During step S240, the device APP determines whether a stop criterion STP_CRT is satisfied. If such is the case, the method continues at step S250. Otherwise, the method repeats the steps S210-S230 so as to obtain an additional detection level DET_LVL for a different position of the source POS_SRC.

The stop criterion STP_CRT corresponds, according to one embodiment, to the fact that a maximum detection level of the source DET_LVL has been detected by the device APP and/or signaled by a user. The device APP can also indicate to the user that a maximum detection level DET_LVL has been detected (e.g. via an application on a terminal).

If a maximum has not been detected or signaled, the device APP reiterates steps S210-S230 to obtain a detection level DET_LVL associated with another position of the source POS_SRC. The source SRC of stimuli can thereby be moved from one to another to reach a maximum detection level of the source SRC. We present an example of searching for the maximum detection level with reference to FIG. 3.

In the context of the disclosure, it could be envisaged to use other stop criteria. For example, a stop criterion may correspond to obtaining a sufficient number of measurements, i.e. a number of detection levels associated with different positions of the source above a threshold.

During step S250, the device APP estimates a position of the fiber POS_FBR based on the detection levels DET_LVL obtained and the associated source positions POS_SRC.

The estimated position POS_FBR is a planar position. Same characterizes the location of a point on the fiber FBR in a plane substantially parallel to the ground (the plane x-y in the figures). Same can be defined relative to the surface of the ground, or in an absolute way relative to the terrestrial reference frame (e.g. geographical coordinates).

More particularly, the estimated position of the fiber POS_FBR corresponds to (is associated with) the position of the source SRC for which the detection level DET_LVL obtained is maximum, among the different positions of the source POS_SRC in the search zone considered. In other words, the device APP associates a position of a point of the sought-after fiber FBR with the position of the source POS_SRC for which a maximum detection level is detected and/or signaled.

In the context of the disclosure, other embodiments could also be envisaged. The position of the optical fiber POS_FBR could be estimated by using an interpolation of the detection levels, then by selecting the position for which the interpolated detection level is maximum. The device APP can also use the other information supplied by the detection device DXS, such as the distance DET_DIST, to estimate the position of the fiber FBR.

Furthermore, we have described herein the proposed solution by considering a plurality of detection levels DET_LVL associated with different positions of the source POS_SRC. However, it is possible to obtain an estimate of the position of the fiber POS_FBR from a single DET_LVL detection level and the position of the associated position of the source POS_SRC, e.g. by using reference models or reference data, or other information provided by the detection device DXS.

According to one embodiment, the device APP obtains in step S250, a depth of the fiber DPT with respect to the surface of the ground.
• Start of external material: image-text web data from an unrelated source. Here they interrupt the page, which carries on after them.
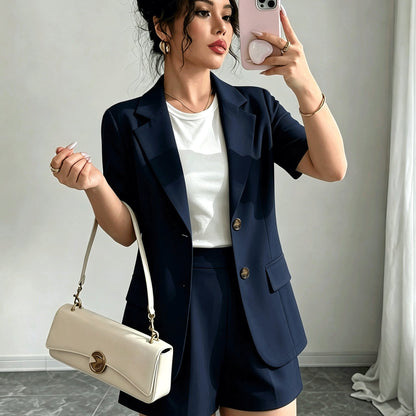 Elegant Tailored Blazer Two Piece Set for Women with Notch Lapel Short Sleeve Button Front Shorts Style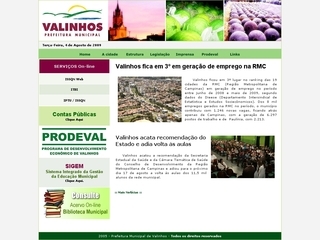 Thumbnail do site Prefeitura Municipal de Valinhos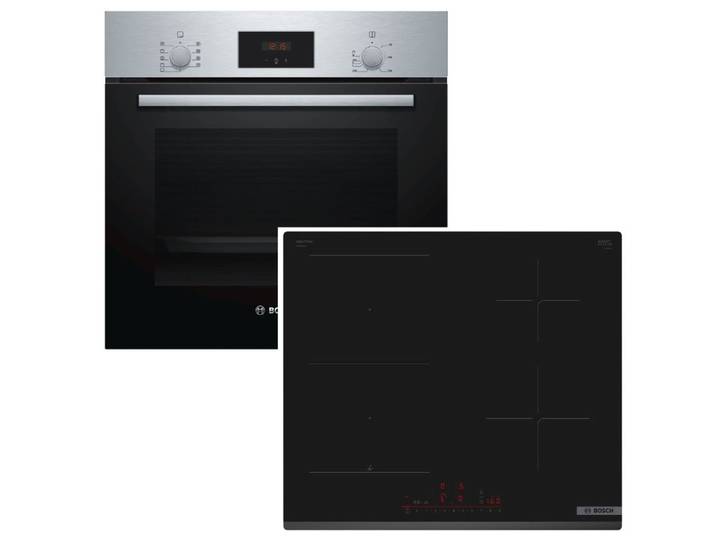 BOSCH Backofen-Set Schnellaufheizung Teleskop + Induktionskochfeld PowerBooster 60cm NEU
The optical fiber FBR is thereby located in three dimensions. The depth DPT is determined either by the detection device DXS or by the device APP as such.

More precisely, the depth DPT is determined based on the maximum detection level obtained, i.e. the detection level obtained at the position of the source POS_SRC associated with the estimated position of the fiber POS_FBR. The depth of the optical fiber DPT can be determined from a detection level DET_LVL, using reference models (e.g. a model of acoustic wave propagation in the ground), or reference data (e.g. detection levels obtained for different depths of the fiber in a ground).

During step S300, the device APP supplies a map representative of at least one determined position of the fiber POS_FBR. The map MAP corresponds to a graphical representation on which the optical fiber FBR is located. We present the map MAP in more detail, with reference to FIG. 5.

More particularly, the device APP gives the map MAP to a user via a display device DISP. In a variant, the map MAP and/or the determined positions POS_FBR could be communicated by the device APP to another device in order to be stored or displayed.

The proposed method thereby allows to accurately locate a buried optical fiber, in a non-invasive way. It should be noted that the order wherein the steps described above follow one another is only an example of embodiment, other variants being possible.

The proposed method comprises all or part of the steps implemented by the locating device APP. Furthermore, the proposed method may comprise the steps implemented by the detection device DXS and/or the source SRC.

FIG. 3 illustrates an example of a search zone for an optical fiber and of detection levels used by a locating system according to one embodiment of the disclosure. The figure is presented to show an example of implementation of step S200, during which the device APP determines a position of the fiber POS_FBR in a search zone.

The figure illustrates a top view of a search zone Z1. The location information POS_SIG entered during the installation of the fiber FBR is indicated as dotted lines, while the actual location of the fiber FBR is represented as solid lines.

As mentioned hereinabove, and according to one embodiment, the device APP obtains a plurality of detection levels DET_LVL associated with different positions of the source POS_SRC (e.g. by performing a plurality of iterations of steps S210-230). Same then uses the detection levels DET_LVL to locate the optical fiber FBR.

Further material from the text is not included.